茨城でBEBほしいもフェスが開幕、「ほしいも神社」分社も登場


茨城県の名産品の干し芋の魅力を感じてもらおうと、JR土浦駅に直結する星野リゾートの宿泊施設「星野リゾート BEB5(ベブファイブ)土浦」(茨城県土浦市)で1日、宿泊利用者向けの催し「BEBほしいもフェス」がスタートした。施設内の会場には2019年に同県ひたちなか市に創建された「ほしいも神社」の分社がお目見え。同日、御霊入れと呼ばれる神事も行われ、催しの成功や干し芋文化の興隆などを祈願した。会期は11月20日まで。【さつまいもニュースONLINE編集部】


ことしで3年目のフェス

「BEBほしいもフェス」は、干し芋が出荷ピークを迎える秋から冬に合わせ、干し芋の魅力を体感してもらいたいと企画。

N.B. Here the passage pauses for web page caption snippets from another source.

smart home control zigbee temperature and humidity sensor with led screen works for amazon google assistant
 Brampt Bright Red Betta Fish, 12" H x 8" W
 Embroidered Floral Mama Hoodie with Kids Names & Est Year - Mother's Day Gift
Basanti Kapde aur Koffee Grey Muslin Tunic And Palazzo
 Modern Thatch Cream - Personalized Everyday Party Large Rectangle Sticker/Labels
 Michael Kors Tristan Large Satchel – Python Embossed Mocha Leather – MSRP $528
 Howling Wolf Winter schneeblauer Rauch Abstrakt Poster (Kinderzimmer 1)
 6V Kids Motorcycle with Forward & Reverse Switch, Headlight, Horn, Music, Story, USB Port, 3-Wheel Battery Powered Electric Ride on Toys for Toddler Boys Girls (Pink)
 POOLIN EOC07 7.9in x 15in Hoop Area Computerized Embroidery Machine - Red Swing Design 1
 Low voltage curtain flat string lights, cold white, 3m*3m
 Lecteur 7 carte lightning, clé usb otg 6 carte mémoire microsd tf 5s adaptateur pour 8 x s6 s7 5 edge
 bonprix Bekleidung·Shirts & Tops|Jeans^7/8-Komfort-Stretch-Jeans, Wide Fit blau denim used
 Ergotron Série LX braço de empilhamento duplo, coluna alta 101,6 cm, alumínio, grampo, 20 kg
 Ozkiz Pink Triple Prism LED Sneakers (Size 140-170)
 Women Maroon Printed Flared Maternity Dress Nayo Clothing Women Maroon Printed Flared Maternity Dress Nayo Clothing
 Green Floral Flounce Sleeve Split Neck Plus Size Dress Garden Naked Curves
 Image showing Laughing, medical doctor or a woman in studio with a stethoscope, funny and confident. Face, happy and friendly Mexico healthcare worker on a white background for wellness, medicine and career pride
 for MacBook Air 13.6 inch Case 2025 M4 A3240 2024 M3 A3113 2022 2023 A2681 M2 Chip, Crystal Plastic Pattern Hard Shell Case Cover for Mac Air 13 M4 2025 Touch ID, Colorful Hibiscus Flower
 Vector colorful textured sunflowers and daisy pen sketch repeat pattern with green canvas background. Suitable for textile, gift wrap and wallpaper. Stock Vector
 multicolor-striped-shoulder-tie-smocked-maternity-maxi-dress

2021年にスタートし、ことしで3年目を迎える。


施設内のパブリックスペース「TAMARIBA(タマリバ)」が会場で、ほしいも神社の分社がお目見え。「欲しいものが手に入る」という御利益があるといい、会期中はいつでも参拝することができる。

厳かな雰囲気の中で神事

初日となった同日は、ほしいも神社の宮本正詞宮司が「干し芋色」の狩衣(かりぎぬ)姿で来場。厳かな雰囲気の中で祝詞奏上などの神事を執り行い、関係者が玉串をささげた。

ほしいも神社の宮本宮司

御霊入れの神事の終了後、BEB5土浦の須永隆介総支配人は、「施設を利用いただくお客さまに地域の文化にも触れていただきたいとフェスに取り組んできている。フェスをきっかけに干し芋と出会ったり、その魅力を知ってファンになったりしてもらえる機会にもつなげたい」などと話した。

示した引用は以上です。